Лето 2025 выдалось жарким, сухим, пыльным. Над городами плыл смог. В пересохших болотах горели торфяники, и едкий дым, похожий издали на молочные полосы густого тумана, стелился вдоль дорог, заставляя водителей увеличивать скорость, чтобы быстрее миновать удушливые участки. Вообще, Семен считал, что ему повезло в жизни, по крайней мере с рождением. Многие стремились и стремятся на запад, в Америку, а он нет-нет да и ловил себя на мысли – спасибо судьбе, что родился в России, в глубинке, где еще можно жить. Он не очень хорошо представлял себе, что творится сейчас в таких городах, как Нью-Йорк, Лос-Анджелес или Токио. Судя по телерепортажам, там царил натуральный урбанистический ад… Хотя возможно, что установленный
Семен отчетливо помнил, как еще ребенком он ездил с родителями на машине из Пскова, где родился и вырос, в Рязань, где жил дед, они долго ехали через леса: по его воспоминаниям, это был перегон между Куньей и Ржевом – километров триста или четыреста, – ночь, звезды, кругом леса, леса и воздух, такой сладкий, прохладный, что кажется, его можно пить глотками…
Теперь всего этого уже давно нет. Вместо узкой двухполосной дороги, что извивалась из стороны в сторону, повторяя исторический путь хмельного мужика, который когда-то давным-давно проехал по этим местам, петляя на телеге меж вековых деревьев, сейчас протянулся ровный, как струна, широкий автобан, по которому машина идет плавно, чуть покачиваясь на подвеске, а по сторонам, вместо тех памятных лесов, что запомнились семилетнему мальчику, плывут пейзажи новой реальности третьего тысячелетия: деревни по обочинам спрямленной дороги превратились в города, обросли заводами, комбинатами, как будто экономический бум, поразивший страну после долгого кризиса, исторг их из-под земли.
В тот день он ехал домой, во Псков, повидать родителей.
Прогнав километров триста на своей старенькой, но еще вполне резвой «Вектре» образца 2010 года, Семен свернул на отметке «паркинг», решив вздремнуть полчаса, прежде чем ехать дальше. Зрелище, что предстало его глазам на так называемой «площадке отдыха», оказалось удручающим: горы мусора подле чахлой поросли деревьев, которые и составляли собой «зону отдыха проезжающих». Однако, несмотря на неприязнь, что вызвали в нем хамски наваленные тут горы отходов, выброшенные все теми же «проезжающими» и кое-как распиханные по сторонам бульдозером, Семен не изменил своего решения – было раннее утро, и глаза просто слипались от усталости. Вести машину в таком полусонном состоянии – занятие весьма рискованное, это ему внушил еще отец. Выбрав более или менее чистый участок, он заглушил мотор, поднял стекла, опустил спинку сиденья и закрыл глаза.

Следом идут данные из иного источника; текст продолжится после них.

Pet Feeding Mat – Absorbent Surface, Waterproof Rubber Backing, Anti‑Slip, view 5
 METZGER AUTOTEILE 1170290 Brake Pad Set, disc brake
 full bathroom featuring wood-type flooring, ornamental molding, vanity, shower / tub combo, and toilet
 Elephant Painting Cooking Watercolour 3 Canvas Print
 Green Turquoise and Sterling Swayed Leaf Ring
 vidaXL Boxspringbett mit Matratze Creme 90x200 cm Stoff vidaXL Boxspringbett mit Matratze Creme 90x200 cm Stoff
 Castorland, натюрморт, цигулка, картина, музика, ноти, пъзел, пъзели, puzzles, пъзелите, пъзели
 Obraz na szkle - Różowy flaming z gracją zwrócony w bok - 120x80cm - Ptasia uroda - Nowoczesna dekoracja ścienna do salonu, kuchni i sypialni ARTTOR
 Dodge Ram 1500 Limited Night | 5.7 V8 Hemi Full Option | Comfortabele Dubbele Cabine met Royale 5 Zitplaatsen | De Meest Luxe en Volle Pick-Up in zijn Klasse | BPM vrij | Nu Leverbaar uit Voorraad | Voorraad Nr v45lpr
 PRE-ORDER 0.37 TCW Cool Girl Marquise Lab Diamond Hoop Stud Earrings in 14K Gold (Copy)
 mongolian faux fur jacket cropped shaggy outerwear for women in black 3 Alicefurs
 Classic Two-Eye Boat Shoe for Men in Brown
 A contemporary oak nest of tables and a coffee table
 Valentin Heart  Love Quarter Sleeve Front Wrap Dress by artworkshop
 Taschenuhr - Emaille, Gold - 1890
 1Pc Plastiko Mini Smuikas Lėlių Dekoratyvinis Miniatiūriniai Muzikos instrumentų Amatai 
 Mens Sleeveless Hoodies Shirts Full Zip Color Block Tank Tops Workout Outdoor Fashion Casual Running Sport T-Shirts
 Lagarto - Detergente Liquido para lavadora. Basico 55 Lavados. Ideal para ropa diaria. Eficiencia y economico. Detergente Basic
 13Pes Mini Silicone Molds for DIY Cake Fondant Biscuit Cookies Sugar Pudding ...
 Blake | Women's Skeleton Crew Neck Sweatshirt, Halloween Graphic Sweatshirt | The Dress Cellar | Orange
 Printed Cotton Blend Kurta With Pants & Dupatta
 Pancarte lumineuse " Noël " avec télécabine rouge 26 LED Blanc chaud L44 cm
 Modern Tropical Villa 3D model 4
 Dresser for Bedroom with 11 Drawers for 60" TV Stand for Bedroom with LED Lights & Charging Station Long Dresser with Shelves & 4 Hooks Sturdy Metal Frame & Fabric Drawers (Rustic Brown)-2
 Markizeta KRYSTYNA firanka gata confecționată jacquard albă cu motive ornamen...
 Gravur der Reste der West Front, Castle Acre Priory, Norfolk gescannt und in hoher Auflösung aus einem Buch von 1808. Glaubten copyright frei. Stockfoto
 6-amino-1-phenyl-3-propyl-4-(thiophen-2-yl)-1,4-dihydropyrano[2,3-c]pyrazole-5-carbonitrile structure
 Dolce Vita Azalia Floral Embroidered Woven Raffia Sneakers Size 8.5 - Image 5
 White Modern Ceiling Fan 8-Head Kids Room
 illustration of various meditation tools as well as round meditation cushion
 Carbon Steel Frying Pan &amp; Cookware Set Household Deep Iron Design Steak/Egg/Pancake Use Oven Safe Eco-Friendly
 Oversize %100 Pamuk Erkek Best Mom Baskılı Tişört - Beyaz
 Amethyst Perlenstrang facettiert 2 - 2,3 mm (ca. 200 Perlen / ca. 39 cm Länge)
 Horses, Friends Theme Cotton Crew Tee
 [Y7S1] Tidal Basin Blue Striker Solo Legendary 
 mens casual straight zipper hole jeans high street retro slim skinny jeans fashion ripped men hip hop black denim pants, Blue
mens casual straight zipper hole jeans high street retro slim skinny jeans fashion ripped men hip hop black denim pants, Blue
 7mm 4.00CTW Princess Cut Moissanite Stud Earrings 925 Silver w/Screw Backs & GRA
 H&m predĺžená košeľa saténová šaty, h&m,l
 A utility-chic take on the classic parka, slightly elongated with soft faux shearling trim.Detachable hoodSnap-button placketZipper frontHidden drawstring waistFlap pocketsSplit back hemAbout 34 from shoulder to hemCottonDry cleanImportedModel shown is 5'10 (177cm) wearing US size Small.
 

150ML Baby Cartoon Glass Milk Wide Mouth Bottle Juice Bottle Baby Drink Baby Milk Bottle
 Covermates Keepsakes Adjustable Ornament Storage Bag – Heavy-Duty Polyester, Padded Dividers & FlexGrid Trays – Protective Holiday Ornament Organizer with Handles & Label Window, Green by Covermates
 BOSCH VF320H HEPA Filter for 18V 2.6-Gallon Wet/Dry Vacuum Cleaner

Тяжелая дремота навалилась сразу, уволакивая сознание в свои темные глубины, – сказывался пройденный уже путь и напряжение ночной трассы.
Впоследствии он не мог вспомнить, что ему снилось, но проспал Семен недолго и очнулся от проникшего в сознание настойчивого позвякивания.
Некоторое время он еще лежал с закрытыми глазами, ощущая, что машина нагрелась, значит, солнце уже поднялось достаточно высоко, и пытался на слух определить источник разбудившего его шума. Не придумав ничего путного, он открыл глаза и огляделся, почти сразу заметив копошащуюся на ближайшей куче мусора фигуру.
Она и была источником разбудившего его шума.
Присмотревшись, Семен понял, что это женщина, возможно, одних с ним лет, которая, быстро перебирая руками, раскидывала во все стороны сваленный в кучу мусор, извлекая на свет бутылки из-под различных напитков, в основном пивные, и складывала их в драный мешок из черного полиэтилена. Занятие это казалось для нее привычным. Действовала она сноровисто, быстро, словно заведенный для этой работы механизм. Мусор летел по сторонам, несколько пакетов отвалилось в сторону, порвалось, раскидав по асфальту свое содержимое, а женщина продолжала рыть мусорную кучу в поисках скудной, но желанной добычи.